Assisted suicide: Shropshire disability campaigners launch move to change the law
Two disability campaigners will be back in the High Court tomorrow to appeal against changes in the law regarding assisted suicide.
Merv and Nikki Kenward will travel to London in a bid to gain permission to overturn a High Court ruling regarding assisted suicide.
In October 2014 Director of Public Prosecutions Alison Saunders decided she would allow an amendment the 1961 Suicide Act.
It clarified that prosecution should not to extend to outside professionals brought in to assist suicide after the victim has reached a settled decision to end his or her life.
But the couple's application for a judicial review heard in 2015 was unanimously dismissed by Sir Brian Leveson, president of the Queen's Bench Division, sitting with Mr Justice Wilkie and Mr Justice Cranston.
Mrs Kenward, 62, from Aston-on-Clun, near Craven Arms has sought a hearing to request an appeal against the decision.
It is the first step to prevent assisted suicide becoming legal in the UK as it is in several countries in mainland Europe.
"Five people a day die in assisted suicides in Belgium and there are no figures available for Holland," said Mrs Kenward, who was left paralysed by Guillain-Barre Syndrome in 1990 and is cared for by her husband.
"I run a group called Distant Voices and I represent the views of disabled people who oppose assisted suicide."
Assisted suicide or end-of-life help is available in The Netherlands, Switzerland, Belgium and Luxembourg.

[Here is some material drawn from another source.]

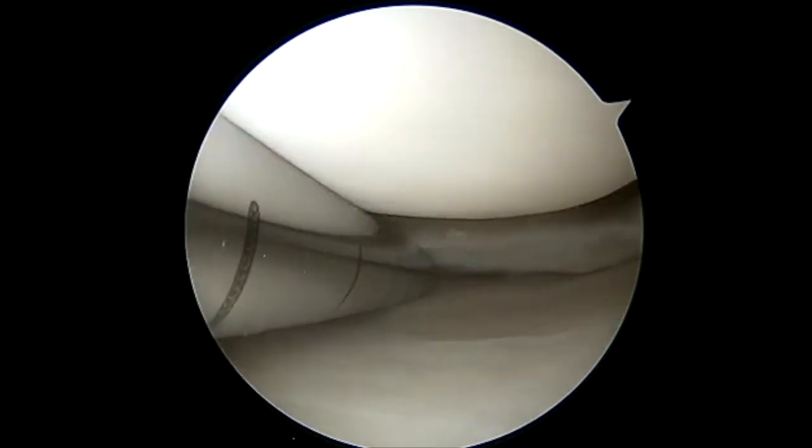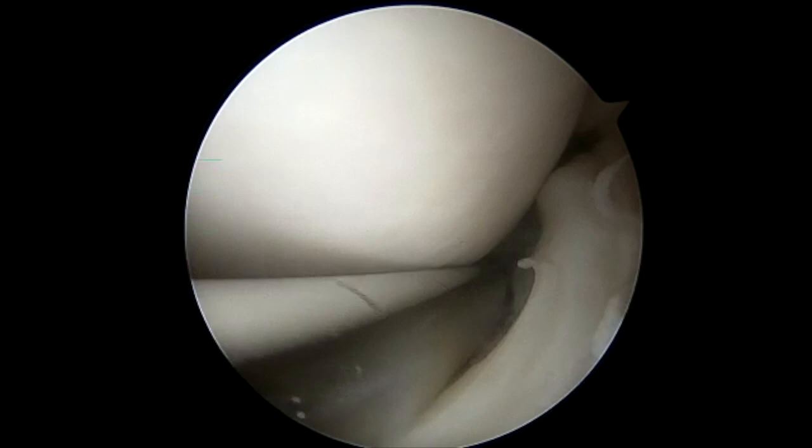We use a shaver to further roughen up the capsule to allow for an excellent bleeding edge once the tourniquet is released. We clean up any remaining small tears.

Mrs Kenward was speaking after it was revealed that a former lecturer from Shrewsbury says he wants the option of assisted dying.
Noel Conway, who has motor neurone disease and has just months to live, is bringing a judicial review which could change the law on assisted dying.
This would allow terminally ill adults who meet strict criteria to make their own decisions about ending their lives.
"I speak to people about euthanasia and they assume that you want to die," said Mrs Kenward. But then I say I am opposed to it and they are amazed. People do not know the whole story."
MPs voted in 2015 against an attempt to introduce assisted dying.